El pintor, grabador y fotógrafo madrileño Rafael Castro (1830-1865) se había formado en la prestigiosa Academia de Bellas Artes de San Fernando y viajaría luego a París para aprender de uno de los pintores que más influiría en los artistas de mediados del siglo XIX, Léon Cogniet -un maestro del Romanticismo y del Neoclasicismo-.  Rafael Castro buscaría antes de partir con la expedición el consejo de uno de los pioneros en fotografía de viajes, el inglés Charles Clifford, por entonces trabajando en España. Estos fotógrafos decimonónicos utilizaban el colodión húmedo, una técnica que permitía un menor tiempo de exposición, aunque, a cambio, sus destartalados equipos, de grandes placas de vidrio e instrumentos ópticos abigarrados, les obligaban a llevar pesadas cargas durante las difíciles tomas en el exterior. Finalmente la expedición científica española del Pacífico conseguiría una importante documentación sobre flora y fauna americanas, introduciría algunos animales autóctonos en España e incrementaría los fondos museísticos con cantidad de datos naturales y culturales. Pero la realidad fue que sólo pasaría a la historia marginalmente, sin ninguna gloria nacional ni científica. Jiménez de la Espada se empeñaría en continuar la expedición a partir de marzo de 1864 y esa iniciativa -llamada entonces El gran viaje- le llevaría a conseguir un cierto prestigio científico. La aventura fue considerable ya que atravesaron el río Amazonas y las selvas peruanas y brasileñas hasta llegar a la desembocadura del poderoso río en el Atlántico. Escribiría de aquel viaje Jiménez de la Espada su obra Mamíferos del alto amazonas y publicaría la monografía Especies desconocidas de la fauna neotropical.

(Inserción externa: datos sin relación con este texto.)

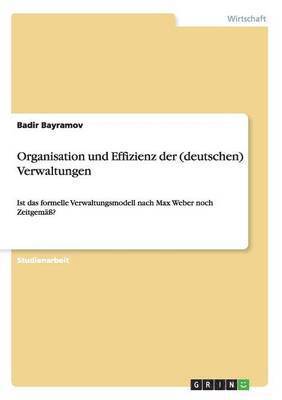 Organisation und Effizienz der (deutschen) Verwaltungen 1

El fotógrafo Castro Ordóñez regresó a España en el año 1864 trayendo consigo unas trescientas placas fotográficas y un gran número de bocetos e ilustraciones de Brasil, Chile, Bolivia, Perú y la costa pacífica hasta California. Mostraría, como buen creador y artista, sus discrepancias con la Comisión científica por utilizar ésta más esfuerzos a la inmensidad que a la intensidad de las cosas... No podría él dedicar así el tiempo que consideraría necesario para profundizar en las costumbres y en los lugares impresionados. Al llegar a España a principios de 1865 -los restantes expedicionarios lo hicieron a finales de ese año- las autoridades le dieron la espalda, negándole cualquier retribución económica por su trabajo en la Comisión del Pacífico. El día 2 de diciembre del año 1865 se dispararía Castro Ordóñez en su domicilio de Madrid un tiro de revólver en el corazón, falleciendo así uno de los pioneros españoles en fotografías documentales de grandes viajes. La guerra del Pacífico, aquel enfrentamiento tan absurdo entre España y dos países sudamericanos -Perú y Chile-, llegaría a acabar también con el suicidio del Comandante general de la escuadra española en el Pacífico, José Manuel Pareja. Este almirante se habría sentido deshonrado por las fatídicas decisiones que llegó a tomar en un enfrentamiento naval con Chile donde se perdió la goleta Covadonga, cuando además la flota chilena era bastante inferior a la española. Tan sólo la intervención del nuevo recién nombrado Comandante general, el contralmirante español Méndez Núñez, consiguió recomponer el maltratado orgullo nacional y dejar en tablas -salvado el honor de la Armada- aquel desesperado conflicto naval del Pacífico. Hasta sucedería que en pleno conflicto, en las islas Chincha del Perú, la fragata Triunfo, aquella fragata en la que los expedicionarios se embarcaron ilusionados en Cádiz dos años antes, sufriría un trágico accidente en noviembre de 1864, cuando un producto inflamable provocase un incendio terrible y la fragata española acabara perdida, como toda aquella expedición maldecida, en el lejano océano Pacífico para siempre.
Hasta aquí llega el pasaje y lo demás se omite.